Commentators have predicted that California appellate courts would thumb their nose at the U.S. Supreme Court’s 2022 holding in Viking River. Viking River was the case that abrogated the California rule of Iskanian, and held instead that employers could enforce waivers of representative PAGA claims.
And thumb its nose is just what the Second District did in Seifu v. Lyft, Inc. (D2d4 Mar. 30, 2023 B301774) ___ Cal.Rptr. 3d (2023 WL 2705285). There, the employee argued that Lyft intentionally misclassified drivers as independent contractors rather than employees, and argued that Lyft could not enforce their agreement to arbitrate representative PAGA claims.

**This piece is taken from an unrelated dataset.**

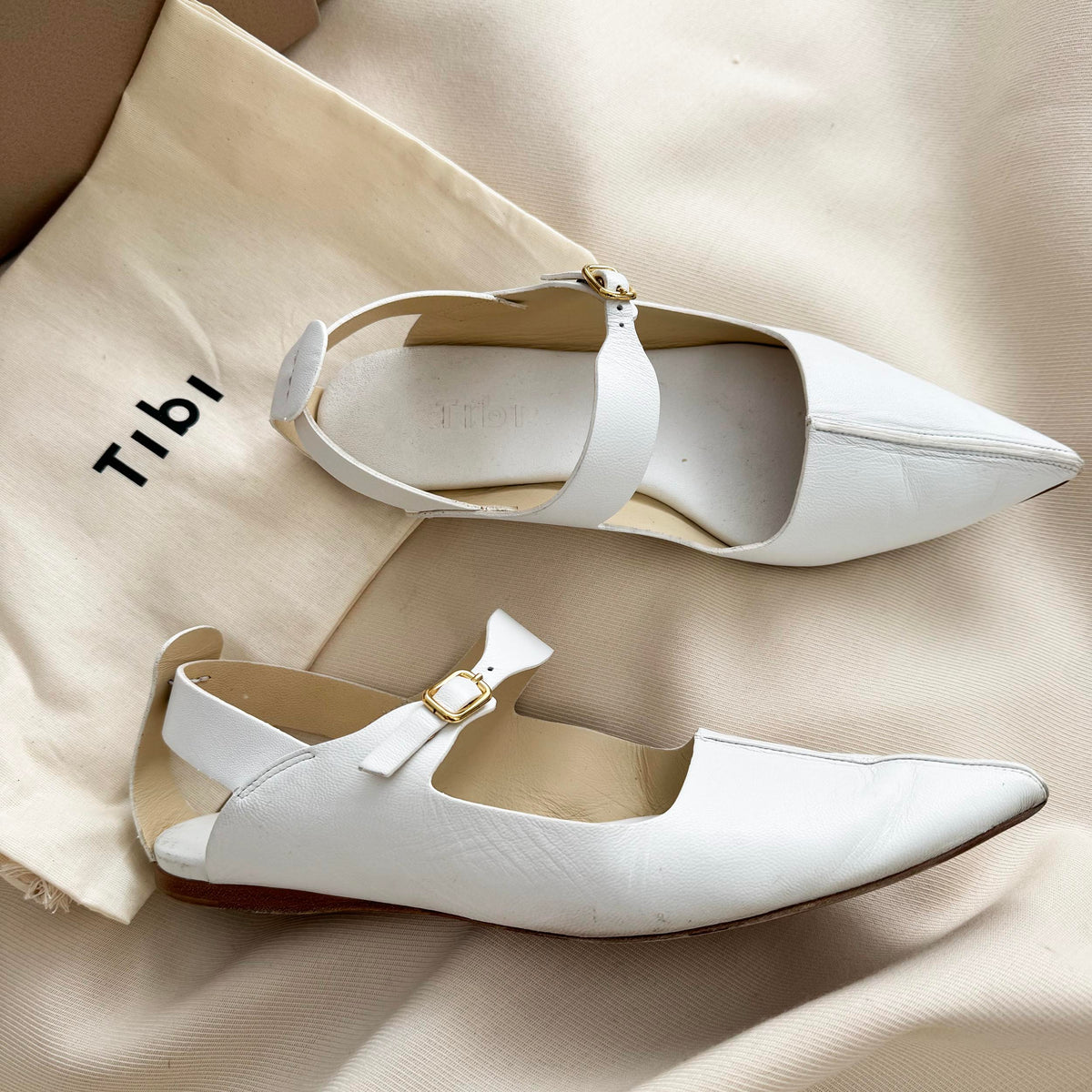Tibi "Rudolph" Nappa Flats in White, size 36.5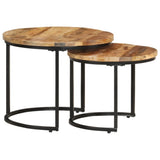 Nesting Tables 2 pcs Rough Mango Wood 337999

The California trial court agreed with the employee. So did the Court of Appeal. After the California Supreme Court denied review, the U.S. Supreme Court granted certiorari and remanded for further consideration in light of Viking River Cruises, Inc. v. Moriana (2022) 596 U.S[.__142 S.Ct. 1906, 213 L.Ed.2d 179].)
The parties agreed that the individual claim had to be arbitrated. But what about the representative PAGA claim? The U.S. Supreme Court held that, once an individual claim is sent to arbitration, there was no longer any standing to maintain a separate representative action.
But the California Court of Appeal disagreed with the U.S. Supreme Court. To repeat: a California intermediate court declined to follow the U.S. Supreme Court. On what basis did the Second District do this? Here’s how:
“We conclude that we are not bound by the analysis of PAGA standing set forth in Viking River. As Justice Sotomayor recognized in her concurring opinion, PAGA standing is a matter of state law that must be decided by California courts. Until we have guidance from the California Supreme Court, our review of PAGA and relevant state decisional authority leads us to conclude that a plaintiff is not stripped of standing to pursue non-individual PAGA claims simply because his or her individual PAGA claim is compelled to arbitration.”
Note that the California Supreme Court did not grant review the first time around. Given this showdown in a published opinion, expect the Supremes to take it up now.
It takes some pluck for a state appellate court to disagree with the U.S. Supreme Court. One can disagree with the reasoning of Viking River. And as it concerns state substantive law, as the Second District notes, “we are not bound by the United States Supreme Court's interpretation of California law.”
But the issue here is one of standing. And standing is, at most, only arguably a question of substantive law. The practical problem is this: If California courts hold that employees have standing to bring representative PAGA claims (even while their individual claims are relegated to arbitration), while the U.S. Supreme Court holds there is no standing, then California courts deciding such claims would no longer be subject to the U.S. Supreme Court. In other words, the U.S. Supreme Court has Marburyed itself out of representative PAGA claims, while California courts, thus far, have not.
Are there other areas of law where state courts operate beyond the scope of U.S. Supreme Court review? Maybe there are. Regardless, putting claims outside the jurisdiction of the U.S. Supreme Court seems significant.